> **Task goal**
Locate, in the data below, the line that contains "Off White Oversized T-shirt Front Design" and the line that contains "Home Fries - Home"; reproduce exactly those two lines and every line between them, nothing more.

(Crawled caption data)

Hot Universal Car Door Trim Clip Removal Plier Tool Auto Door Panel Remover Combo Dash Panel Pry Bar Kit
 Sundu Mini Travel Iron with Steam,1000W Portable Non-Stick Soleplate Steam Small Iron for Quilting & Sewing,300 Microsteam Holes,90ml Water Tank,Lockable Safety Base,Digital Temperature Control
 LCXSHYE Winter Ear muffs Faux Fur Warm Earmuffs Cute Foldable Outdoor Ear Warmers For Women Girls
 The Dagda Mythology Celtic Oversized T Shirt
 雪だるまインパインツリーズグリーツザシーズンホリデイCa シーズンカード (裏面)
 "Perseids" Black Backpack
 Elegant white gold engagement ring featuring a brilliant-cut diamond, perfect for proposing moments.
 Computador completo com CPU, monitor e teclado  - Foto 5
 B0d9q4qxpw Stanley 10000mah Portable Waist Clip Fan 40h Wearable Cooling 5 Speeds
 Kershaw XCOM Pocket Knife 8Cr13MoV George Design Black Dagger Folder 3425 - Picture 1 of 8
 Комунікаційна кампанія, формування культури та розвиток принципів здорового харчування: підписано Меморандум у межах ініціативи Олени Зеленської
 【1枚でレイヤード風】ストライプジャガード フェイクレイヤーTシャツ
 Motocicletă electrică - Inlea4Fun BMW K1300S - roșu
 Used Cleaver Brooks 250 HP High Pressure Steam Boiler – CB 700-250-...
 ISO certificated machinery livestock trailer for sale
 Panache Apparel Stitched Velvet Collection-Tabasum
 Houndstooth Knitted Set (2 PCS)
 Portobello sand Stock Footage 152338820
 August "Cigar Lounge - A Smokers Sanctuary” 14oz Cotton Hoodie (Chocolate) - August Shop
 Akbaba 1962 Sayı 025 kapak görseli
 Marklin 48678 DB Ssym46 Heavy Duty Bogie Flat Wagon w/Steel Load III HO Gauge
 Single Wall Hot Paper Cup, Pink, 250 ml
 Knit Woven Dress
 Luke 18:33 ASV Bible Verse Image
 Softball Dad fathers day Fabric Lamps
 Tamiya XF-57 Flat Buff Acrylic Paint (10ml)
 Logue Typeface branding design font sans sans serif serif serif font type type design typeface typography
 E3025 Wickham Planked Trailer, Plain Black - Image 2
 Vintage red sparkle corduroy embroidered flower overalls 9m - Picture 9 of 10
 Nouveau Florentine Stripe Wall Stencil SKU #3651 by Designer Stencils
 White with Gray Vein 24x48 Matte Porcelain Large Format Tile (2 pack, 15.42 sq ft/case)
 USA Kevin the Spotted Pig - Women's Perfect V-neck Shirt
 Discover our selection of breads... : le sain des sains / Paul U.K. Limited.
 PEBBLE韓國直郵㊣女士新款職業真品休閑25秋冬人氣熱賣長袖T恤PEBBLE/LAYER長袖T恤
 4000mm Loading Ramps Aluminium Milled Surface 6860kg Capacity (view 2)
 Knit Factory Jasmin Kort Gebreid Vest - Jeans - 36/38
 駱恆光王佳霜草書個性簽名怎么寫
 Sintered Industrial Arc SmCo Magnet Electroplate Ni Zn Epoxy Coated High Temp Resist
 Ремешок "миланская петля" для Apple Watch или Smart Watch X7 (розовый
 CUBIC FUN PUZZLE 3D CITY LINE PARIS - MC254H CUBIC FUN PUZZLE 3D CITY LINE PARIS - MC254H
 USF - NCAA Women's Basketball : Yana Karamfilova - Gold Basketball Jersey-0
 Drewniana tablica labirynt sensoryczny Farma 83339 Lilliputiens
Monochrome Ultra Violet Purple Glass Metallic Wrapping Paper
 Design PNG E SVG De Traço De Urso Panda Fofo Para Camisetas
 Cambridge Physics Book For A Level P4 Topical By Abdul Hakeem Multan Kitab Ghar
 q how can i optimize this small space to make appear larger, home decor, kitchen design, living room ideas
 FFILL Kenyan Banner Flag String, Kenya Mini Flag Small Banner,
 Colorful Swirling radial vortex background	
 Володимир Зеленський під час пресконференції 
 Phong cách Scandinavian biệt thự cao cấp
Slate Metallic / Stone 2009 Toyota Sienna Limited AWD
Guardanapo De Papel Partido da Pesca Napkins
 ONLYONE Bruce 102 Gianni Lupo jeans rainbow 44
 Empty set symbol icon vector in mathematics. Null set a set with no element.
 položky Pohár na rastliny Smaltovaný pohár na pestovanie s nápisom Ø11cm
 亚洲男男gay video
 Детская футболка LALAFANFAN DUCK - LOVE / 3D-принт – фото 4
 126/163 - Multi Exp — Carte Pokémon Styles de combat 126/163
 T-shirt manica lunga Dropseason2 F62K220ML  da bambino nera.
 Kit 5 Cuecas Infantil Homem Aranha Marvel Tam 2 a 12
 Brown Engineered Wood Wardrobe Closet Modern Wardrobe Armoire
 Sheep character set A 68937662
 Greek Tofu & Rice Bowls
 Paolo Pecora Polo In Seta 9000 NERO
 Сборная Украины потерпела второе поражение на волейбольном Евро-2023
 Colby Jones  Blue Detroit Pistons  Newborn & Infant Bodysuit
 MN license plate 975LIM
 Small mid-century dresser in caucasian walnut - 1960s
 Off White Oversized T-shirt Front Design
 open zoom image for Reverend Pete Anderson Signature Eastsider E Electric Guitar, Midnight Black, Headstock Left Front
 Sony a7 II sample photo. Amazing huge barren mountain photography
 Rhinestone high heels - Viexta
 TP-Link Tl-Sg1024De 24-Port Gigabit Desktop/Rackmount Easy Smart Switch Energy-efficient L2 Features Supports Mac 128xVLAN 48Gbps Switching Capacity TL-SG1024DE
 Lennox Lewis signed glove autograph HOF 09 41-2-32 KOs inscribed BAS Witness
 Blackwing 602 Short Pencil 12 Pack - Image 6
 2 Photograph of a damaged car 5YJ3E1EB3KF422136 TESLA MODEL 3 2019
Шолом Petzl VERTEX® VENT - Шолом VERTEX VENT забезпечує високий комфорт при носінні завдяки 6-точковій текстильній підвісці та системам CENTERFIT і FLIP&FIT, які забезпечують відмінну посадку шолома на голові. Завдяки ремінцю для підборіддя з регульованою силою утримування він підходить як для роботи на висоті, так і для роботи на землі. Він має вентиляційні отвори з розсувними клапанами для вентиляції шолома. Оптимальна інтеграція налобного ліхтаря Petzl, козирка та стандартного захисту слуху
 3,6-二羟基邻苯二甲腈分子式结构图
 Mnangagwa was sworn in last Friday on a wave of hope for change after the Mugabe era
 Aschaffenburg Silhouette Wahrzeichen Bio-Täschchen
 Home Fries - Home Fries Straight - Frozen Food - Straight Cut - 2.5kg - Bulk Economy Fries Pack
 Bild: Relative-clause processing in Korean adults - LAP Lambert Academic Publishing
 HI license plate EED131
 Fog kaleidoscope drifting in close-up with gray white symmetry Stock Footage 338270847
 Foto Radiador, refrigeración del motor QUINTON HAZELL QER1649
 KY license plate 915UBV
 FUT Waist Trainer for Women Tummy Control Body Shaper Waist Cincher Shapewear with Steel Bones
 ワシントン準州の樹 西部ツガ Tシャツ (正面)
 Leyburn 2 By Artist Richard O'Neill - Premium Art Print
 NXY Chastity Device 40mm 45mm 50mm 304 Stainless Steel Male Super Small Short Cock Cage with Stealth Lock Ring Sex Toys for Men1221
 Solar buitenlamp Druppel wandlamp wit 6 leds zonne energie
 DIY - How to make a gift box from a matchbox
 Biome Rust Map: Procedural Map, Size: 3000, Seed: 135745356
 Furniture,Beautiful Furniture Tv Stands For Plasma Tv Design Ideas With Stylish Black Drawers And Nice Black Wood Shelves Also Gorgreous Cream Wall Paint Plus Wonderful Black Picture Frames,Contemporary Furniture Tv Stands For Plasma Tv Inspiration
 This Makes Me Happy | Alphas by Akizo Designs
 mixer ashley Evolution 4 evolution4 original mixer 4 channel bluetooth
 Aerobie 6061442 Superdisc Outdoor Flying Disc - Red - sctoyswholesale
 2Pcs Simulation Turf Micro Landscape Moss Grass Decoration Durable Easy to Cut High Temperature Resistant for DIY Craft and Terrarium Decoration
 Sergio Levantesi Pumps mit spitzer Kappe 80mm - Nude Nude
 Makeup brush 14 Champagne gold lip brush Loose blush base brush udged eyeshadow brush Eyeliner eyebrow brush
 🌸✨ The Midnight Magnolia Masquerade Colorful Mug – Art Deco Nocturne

> **Completed task**
 Off White Oversized T-shirt Front Design
 open zoom image for Reverend Pete Anderson Signature Eastsider E Electric Guitar, Midnight Black, Headstock Left Front
 Sony a7 II sample photo. Amazing huge barren mountain photography
 Rhinestone high heels - Viexta
 TP-Link Tl-Sg1024De 24-Port Gigabit Desktop/Rackmount Easy Smart Switch Energy-efficient L2 Features Supports Mac 128xVLAN 48Gbps Switching Capacity TL-SG1024DE
 Lennox Lewis signed glove autograph HOF 09 41-2-32 KOs inscribed BAS Witness
 Blackwing 602 Short Pencil 12 Pack - Image 6
 2 Photograph of a damaged car 5YJ3E1EB3KF422136 TESLA MODEL 3 2019
Шолом Petzl VERTEX® VENT - Шолом VERTEX VENT забезпечує високий комфорт при носінні завдяки 6-точковій текстильній підвісці та системам CENTERFIT і FLIP&FIT, які забезпечують відмінну посадку шолома на голові. Завдяки ремінцю для підборіддя з регульованою силою утримування він підходить як для роботи на висоті, так і для роботи на землі. Він має вентиляційні отвори з розсувними клапанами для вентиляції шолома. Оптимальна інтеграція налобного ліхтаря Petzl, козирка та стандартного захисту слуху
 3,6-二羟基邻苯二甲腈分子式结构图
 Mnangagwa was sworn in last Friday on a wave of hope for change after the Mugabe era
 Aschaffenburg Silhouette Wahrzeichen Bio-Täschchen
 Home Fries - Home Fries Straight - Frozen Food - Straight Cut - 2.5kg - Bulk Economy Fries Pack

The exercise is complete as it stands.